По идее, нужно спокойно пройти к большому столу, накрытому тёмно-зелёным сукном, сесть на стул и выслушать, что конкретно этой стерве от меня потребовалось. Вдруг, она как раз по теме поездки явилась. Тогда, по логике Натальи Никаноровны, мой зам. — это Попаданец…Вернее, в данном случае…Попаданка? Интересно, половая принадлежность всегда идентична? Я буду очень долго плеваться и материться, если окажется, что в Валентине Егоровне сидит какой-нибудь мужик. Память тут же услужливо подсунула картинку, как эта знойная особа прижимает меня к стене коридора, пытаясь устроить разврат.
— Ну, нет… — Зажмурился и тряхнул головой, отгоняя наваждение.
Ни в коем случае! Баба! Точно баба! Женщина. Манера поведения женская. Все эти истерики, ревность и так далее.
— Что такое, Павел Матвеич? — Валентина вскочила с одного из стульев, стоявших возле стены. Видимо, там находились места для посетителей. — Вам плохо?
— Да! Да! Мне плохо! — Я выставил одну руку вперед, словно собираясь оттолкнуть Валентину Егоровну, если она надумает подойти ближе. При этом осторожно, бочком двигался в сторону стола.
— Вы меня пугаете…– Зам. растерялась от моего поведения. Хотя… вот тоже интересная дама. А чего она ждала? Что я кинусь к ней, пуская слюни восторга? После таких-то подстав с батутом и первым секретарем.
— Это, знаете, очень правильно, Валентина Егоровна. Сам себя пугаю, знаете. Сегодня как-то с самого утра будто не в себе. Вроде я, а словно не я…
Нес эту ахинею без остановки, мелкими шажочками двигаясь к намеченной цели. Будет тот ещё номер, если меня именно сейчас снова бабкина сыворотка осчастливит супер скоростью.
Добрался, наконец, до стола, медленно отодвинул стул и так же медленно сел.
— Чем обязан? — Теперь можно было и с Валентиной поговорить. Надеюсь, какая-нибудь быстроречь у меня не разовьётся. Или, к примеру, не начну говорить на мертвом языке.
— Паша… — Она сделала шаг ко мне Выглядела моя, прости Господи, зазноба виноватой. — Ну, извини! Бес попутал. Не хотела. Просто…Понимаешь…Райка эта. Смотрит на тебя, как буржуй на свои капиталы. Видно же. Положила глаз, стерва. Тянет свои загребущие ручонки к тому, что ей не принадлежит. Хотя сама замужем. Да ещё за кем! За первым секретарем горкома. И все мало ей. Конечно, я понимаю…Ты — мужчина видный. Серьёзный. Любомиров рядом с тобой выглядит, словно кривое отражение в зеркале. Но… Это ведь неприлично, в конце концов. Ведет себя, как распутная девка…

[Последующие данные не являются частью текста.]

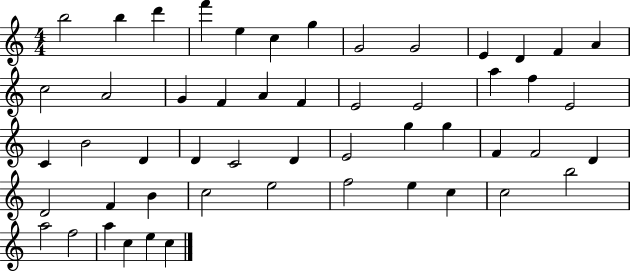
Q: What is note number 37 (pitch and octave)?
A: D4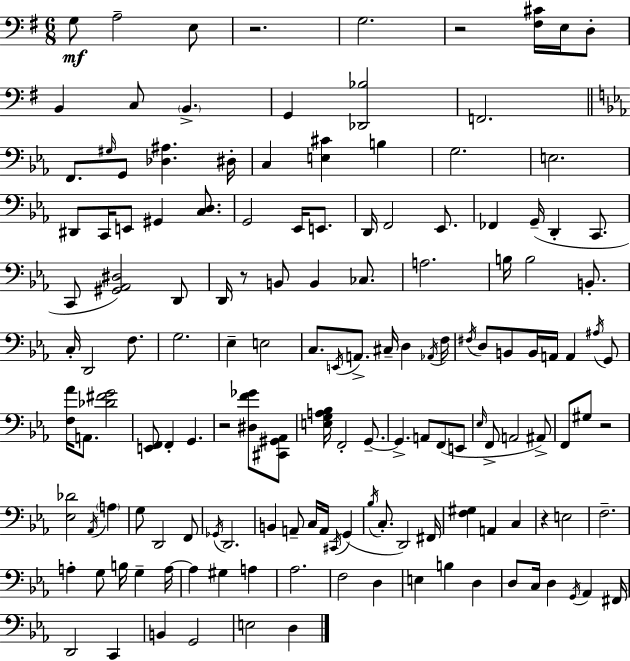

— Валентина Егоровна, давайте ближе к сути. — Я осторожно положил обе руки на стол. Резких движений старался не делать.
Интересно, но особа, которая сейчас заглядывала мне в лицо виноватым взглядом, вообще не казалась моему неадекватному восприятию красивой. Баба Маша казалась. Наталья Никаноровна казалась. Настя, само собой, тоже казалась. Даже крыльцо, и то выглядело совершенным. А вот Валька — нет.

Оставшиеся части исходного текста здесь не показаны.